The way Zesa Holdings bills its customers is crazy and a solution needs to be found urgently. Consumers cannot take lightly revelations that their meters are read only once every three months. Whatever explanation Zesa gives for issuing estimated bills is not plausible. There is nothing that is more detested by customers than paying for a service they did not enjoy.
The power utility is in business and for it to make money it has to tighten its systems. If the current systems fail, why not try an alternati-ve? We urge the authorities at the power utility to be wary of the trauma being suffered by consumers due to high bills caused by estimates.
The estimates have resulted in consumers collectively owing Zesa millions of dollars. While we are not encouraging consumers not to pay their bills (which some of them are not doing, anyway), we believe the bills should correspond with actual consumption.
One does not need to go far to witness how consumers detest the Zesa billing system. A visit to any Zesa banking hall will reveal that there is always a longer queue on the inquiries desk, compared to those who would be queuing to pay.
At the inquiries desk, harsh words are exchanged with the tellers as customers dispute the estimated bills. Yet all this can be avoided if Zesa puts its house in order. In the past, disputes between Zesa and the consumers were not that common. In cases where they occurred, they were over trivial issues that were quickly fixed.
But now the game has changed. Zesa is no longer on top of the situation and this explains the consternation from its customers. The power utility acknowledges that its billing system is in shambles. Yet its lethargic approach to solving the problem does not reflect the urgency.
Installing pre-paid meters for consumers to control their bills seems the only way out of the chaos. But the customers doubt the sincerity of Zesa in that regard. And they are justified if one considers the slow pace with which the power utility is moving on the project.
Only 30 000 pre-paid meters have been installed in Harare and Bulawayo since the inception of the project in August.
The figure is paltry considering that 600 000 pre-paid meters are expected to have been installed within 15 months.
At first, Zesa had given itself only 10 months to put everyone on pre-paid meters, but the extension of deadline indicates things are not well.
The power company might also find itself requiring more than 600 000 pre-paid meters as it has been on record saying it cannot account for more than 500 000 other customers.

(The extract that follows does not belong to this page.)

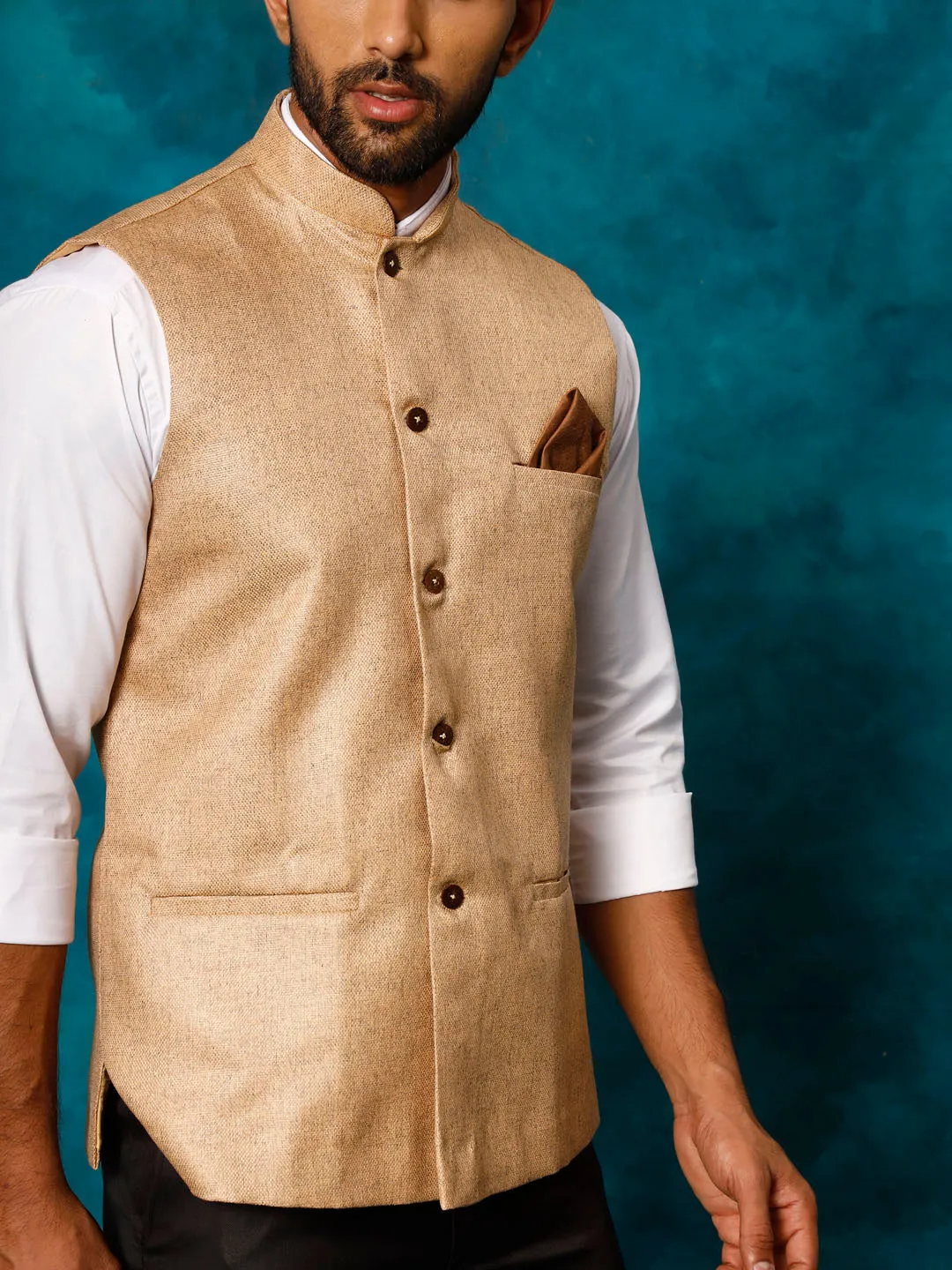 VASTRAMAY Men's Beige Nehru Jacket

Those who were circumventing paying the bills due to the lax Zesa revenue collection system might come out to claim the pre-paid meters. But we observe that Zesa is facing challenges in installing the pre-paid meters. And what this means is that estimated bills would stay for a long time.

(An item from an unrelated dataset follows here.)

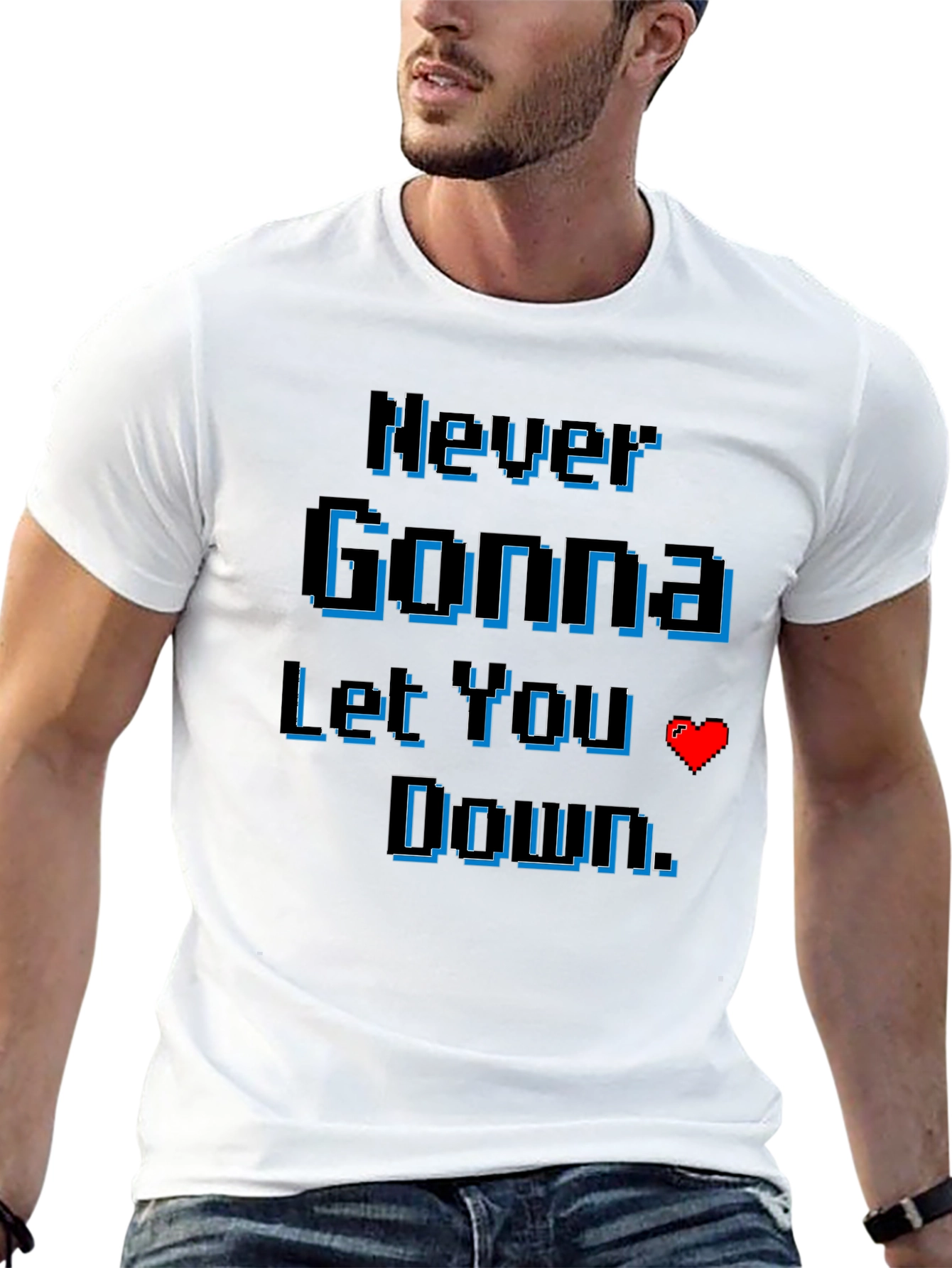 Never Gonna Let You Down Retro Pixel Tee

But no one benefits from such a scenario. Zesa has to deal with empty coffers because consumers are resisting to pay the inflated bills. On the other hand, consumers will have to endure load shedding, with Zesa arguing that it cannot supply enough electricity because it has no money to refurbish plants.
Pre-paid meters will obviously force consumers to change their lifestyle to save the little electricity available. They will learn to switch off the lights when no one is using the room, turn off electrical gadgets not in use and use energy saving bulbs to reduce the electricity bill.
We, therefore, urge Zesa to move quickly in installing the pre-paid meters because their benefit are numerous to both parties.
We urge electricity consumers to pay their bills so that Zesa is able to buy more meters and pay for power imports.